Datacenter Challenges in Selecting Hardware, Selecting Software, Creating Balanced Systems
Datacenter Challenges in Selecting Hardware, Selecting Software,
and Creating Balanced Systems
Dr. John R Busch, CTO and Founder
Datacenter quality-of-service and total cost of ownership have a major impact on the success of any enterprise. Solution architects and datacenter managers seek architectures and deployments that provide excellent performance scalability and high service availability to effectively meet rising service demand, while controlling capital and operating expenses.
Tremendous technology advances have been made in recent years. But it is a major engineering effort to define and develop highly-effective hardware and software architectures and deployment technologies and implementations that can meet datacenter performance, availability and cost objectives.
In order to deliver cost-effective, high-performance, highly-available solutions, we need to carefully integrate technologies to create balanced networked system configurations for targeted workloads.
When configuring servers for a workload, we must ask:
- How much DRAM, how many processor cores, what storage (flash, hard disk drives)?
- Are the software and hardware effectively integrated?
- What caching levels are required to exploit DRAM and flash and disk access time and bandwidth variations?
- Is there sufficient thread-level parallelism and concurrency control to exploit more processor cores and flash IOPS?
Service availability is as important as performance scalability.
- To what extent should failure tolerance be handled by replication at the component level (e.g. RAID of hard disks and flash drives, redundant fans and power supplies, etc.), between systems with low-level replication and recovery mechanisms, or at the distributed application level?
How much networking capacity is required between clients and servers and among servers?
Where are the performance bottlenecks? How can the performance scalability be improved? What is the resulting service availability, and how can it be improved and at what cost? What is the total cost of ownership, and how is it affected by technology choices we are considering?
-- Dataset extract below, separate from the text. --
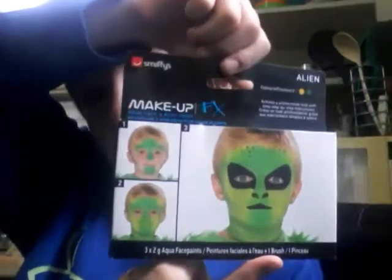Hey guys, it's Mr. Kickouts, and today, as you can see from the title, I've got this makeup thing where you can look like a frog and stuff.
Technology selection is complicated by confusion in the market around the relative benefits of different technologies.
- When combined into a standard server with real workloads, what is the application-level performance difference, system cost difference, and the actual resulting Price/Performance of using $15,000 PCI-e based flash cards as opposed to an array of $750 flash SSDs ?
- How much application-level performance improvement will be achieved by going to servers with 6- and 8- core processors vs 4-core processors, and what is the resulting price/performance?
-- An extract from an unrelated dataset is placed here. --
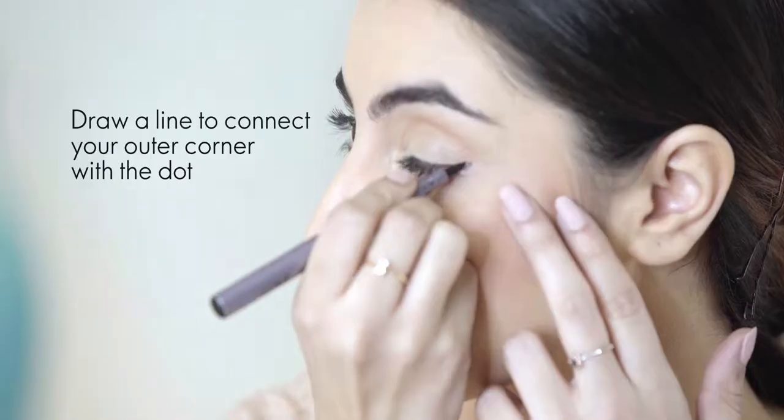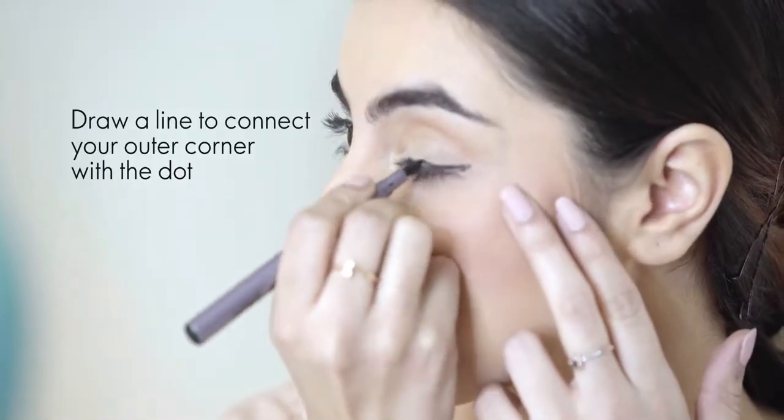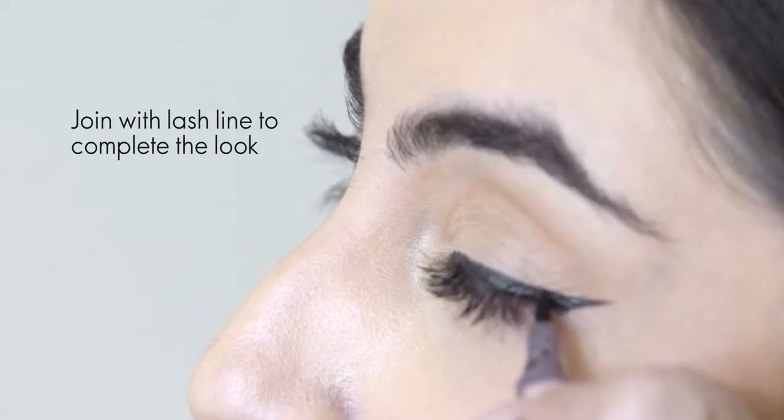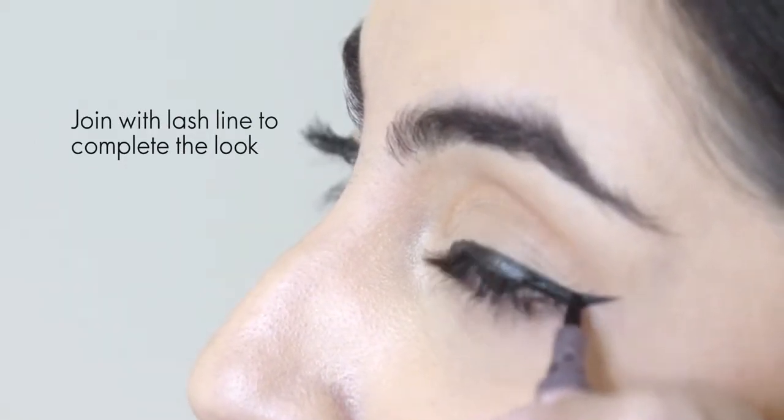Outer corner se line draw karein aur dot se connect karein. Finally, lash line se join karte huye wing glow ko complete karein.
- To what extent will 10/40 Gb Ethernet or Infiniband technology improve data center quality-of-service, and at what cost?
- Which applications are best suited to a SQL or NoSQL data-access architecture?
- For which application scenarios can Cassandra, Couch, MongoDB, etc. effectively replace databases and what is the resulting scalability, performance, availability, and cost?
Which experiments, measurement and analysis tools, and studies can help determine the best technology choices, balanced system configurations, and the optimal software, high availability, and deployment architectures for your workloads?
Our Schooner research focuses on answering these questions.